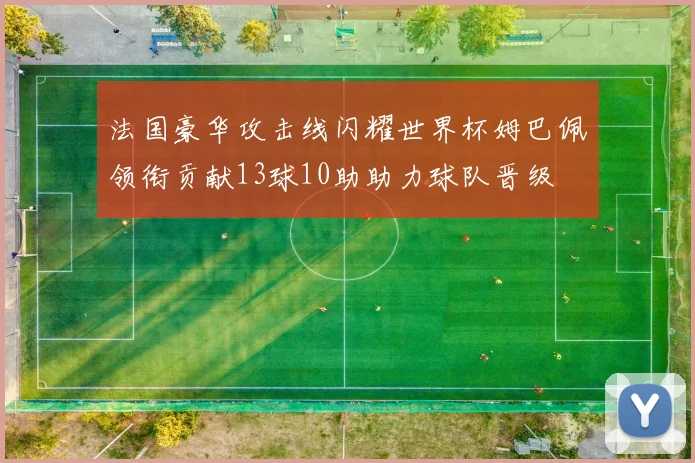 法国豪华攻击线闪耀世界杯姆巴佩领衔贡献13球10助助力球队晋级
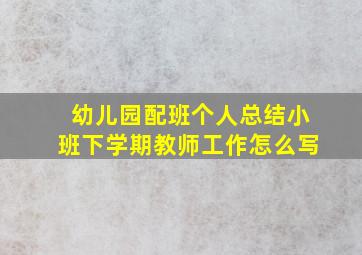 幼儿园配班个人总结小班下学期教师工作怎么写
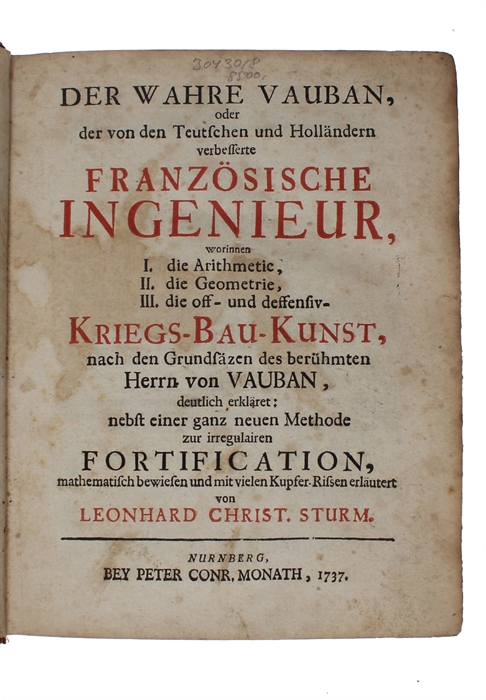 Der Wahre Vauban, oder der von den Teutschen und Holländern verbesserte Französische Ingenieur, worinnen I. die Arithmetic, II. die Geometrie, III. die off- und deffensiv- Kriegs-Bau-Kunst, nach den Grundsäzen des berühmten Herrn von Vauban (+) Berich...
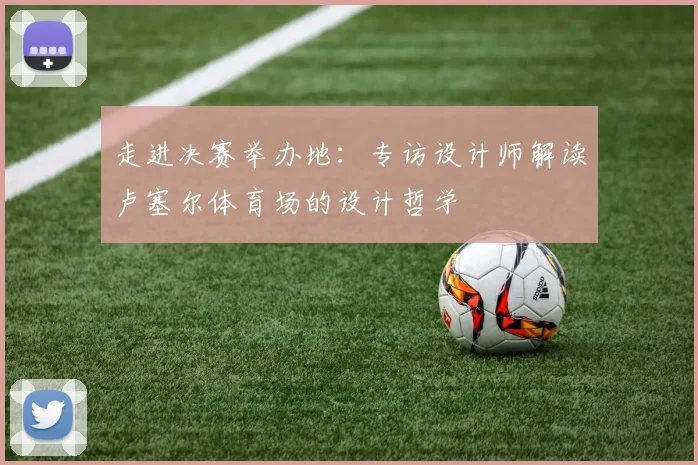 走进决赛举办地：专访设计师解读卢塞尔体育场的设计哲学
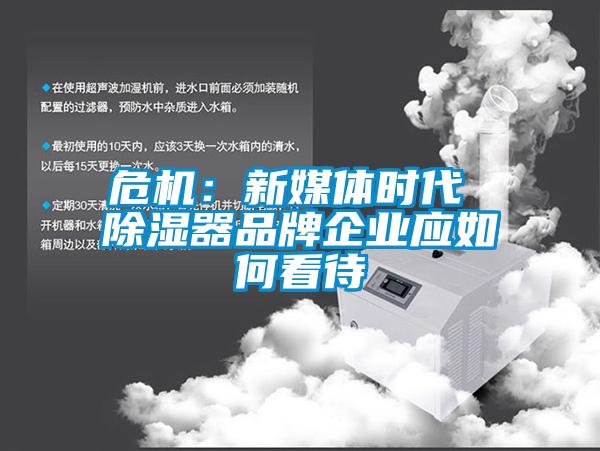 危機(jī)：新媒體時代 除濕器品牌企業(yè)應(yīng)如何看待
■ ■ ■ ■ ■
**EXERCISE INSTRUCTIONS:** Your answer should be the lines above from the one that contains "Der Wahre Vauban, oder" through the last, set down exactly, with the pictures removed.

**SOLUTION TO THIS EXERCISE:**
 Der Wahre Vauban, oder der von den Teutschen und Holländern verbesserte Französische Ingenieur, worinnen I. die Arithmetic, II. die Geometrie, III. die off- und deffensiv- Kriegs-Bau-Kunst, nach den Grundsäzen des berühmten Herrn von Vauban (+) Berich...
 走进决赛举办地：专访设计师解读卢塞尔体育场的设计哲学
 危機(jī)：新媒體時代 除濕器品牌企業(yè)應(yīng)如何看待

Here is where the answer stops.